Problem to work on
Beginning with the opening line, restate the following material exactly, up through the line that contains "House in Clearwater, Florida".

━━━

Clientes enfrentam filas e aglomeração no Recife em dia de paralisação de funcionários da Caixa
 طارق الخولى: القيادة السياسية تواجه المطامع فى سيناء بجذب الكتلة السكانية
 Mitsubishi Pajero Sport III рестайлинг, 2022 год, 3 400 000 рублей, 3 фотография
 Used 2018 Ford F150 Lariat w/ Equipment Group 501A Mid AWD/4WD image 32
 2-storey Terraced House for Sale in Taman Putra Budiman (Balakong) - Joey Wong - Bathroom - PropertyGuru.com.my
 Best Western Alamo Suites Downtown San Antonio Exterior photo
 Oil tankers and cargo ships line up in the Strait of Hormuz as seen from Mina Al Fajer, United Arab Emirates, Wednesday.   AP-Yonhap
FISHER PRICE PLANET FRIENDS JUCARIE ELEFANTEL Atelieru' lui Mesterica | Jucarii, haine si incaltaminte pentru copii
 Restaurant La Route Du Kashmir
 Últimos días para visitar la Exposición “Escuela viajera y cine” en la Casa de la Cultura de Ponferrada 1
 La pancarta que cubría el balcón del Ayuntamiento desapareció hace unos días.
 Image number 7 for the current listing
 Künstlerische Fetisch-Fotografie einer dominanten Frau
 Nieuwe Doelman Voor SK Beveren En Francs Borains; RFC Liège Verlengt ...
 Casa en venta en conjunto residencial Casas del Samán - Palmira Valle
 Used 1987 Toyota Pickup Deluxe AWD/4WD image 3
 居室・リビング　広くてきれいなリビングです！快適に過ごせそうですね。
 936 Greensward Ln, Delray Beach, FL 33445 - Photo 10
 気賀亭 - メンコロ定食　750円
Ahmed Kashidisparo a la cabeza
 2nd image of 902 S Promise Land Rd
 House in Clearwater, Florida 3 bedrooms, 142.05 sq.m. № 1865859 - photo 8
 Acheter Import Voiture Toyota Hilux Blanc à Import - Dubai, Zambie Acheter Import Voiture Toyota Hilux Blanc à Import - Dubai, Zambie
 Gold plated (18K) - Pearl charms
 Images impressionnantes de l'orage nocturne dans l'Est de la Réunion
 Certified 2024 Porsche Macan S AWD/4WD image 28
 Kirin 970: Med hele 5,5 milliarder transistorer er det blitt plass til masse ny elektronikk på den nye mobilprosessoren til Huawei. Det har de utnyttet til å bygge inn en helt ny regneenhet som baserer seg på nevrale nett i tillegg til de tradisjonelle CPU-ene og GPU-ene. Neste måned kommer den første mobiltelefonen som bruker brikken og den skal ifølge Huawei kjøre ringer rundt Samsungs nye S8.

━━━

Answer for this exercise
Clientes enfrentam filas e aglomeração no Recife em dia de paralisação de funcionários da Caixa
 طارق الخولى: القيادة السياسية تواجه المطامع فى سيناء بجذب الكتلة السكانية
 Mitsubishi Pajero Sport III рестайлинг, 2022 год, 3 400 000 рублей, 3 фотография
 Used 2018 Ford F150 Lariat w/ Equipment Group 501A Mid AWD/4WD image 32
 2-storey Terraced House for Sale in Taman Putra Budiman (Balakong) - Joey Wong - Bathroom - PropertyGuru.com.my
 Best Western Alamo Suites Downtown San Antonio Exterior photo
 Oil tankers and cargo ships line up in the Strait of Hormuz as seen from Mina Al Fajer, United Arab Emirates, Wednesday.   AP-Yonhap
FISHER PRICE PLANET FRIENDS JUCARIE ELEFANTEL Atelieru' lui Mesterica | Jucarii, haine si incaltaminte pentru copii
 Restaurant La Route Du Kashmir
 Últimos días para visitar la Exposición “Escuela viajera y cine” en la Casa de la Cultura de Ponferrada 1
 La pancarta que cubría el balcón del Ayuntamiento desapareció hace unos días.
 Image number 7 for the current listing
 Künstlerische Fetisch-Fotografie einer dominanten Frau
 Nieuwe Doelman Voor SK Beveren En Francs Borains; RFC Liège Verlengt ...
 Casa en venta en conjunto residencial Casas del Samán - Palmira Valle
 Used 1987 Toyota Pickup Deluxe AWD/4WD image 3
 居室・リビング　広くてきれいなリビングです！快適に過ごせそうですね。
 936 Greensward Ln, Delray Beach, FL 33445 - Photo 10
 気賀亭 - メンコロ定食　750円
Ahmed Kashidisparo a la cabeza
 2nd image of 902 S Promise Land Rd
 House in Clearwater, Florida 3 bedrooms, 142.05 sq.m. № 1865859 - photo 8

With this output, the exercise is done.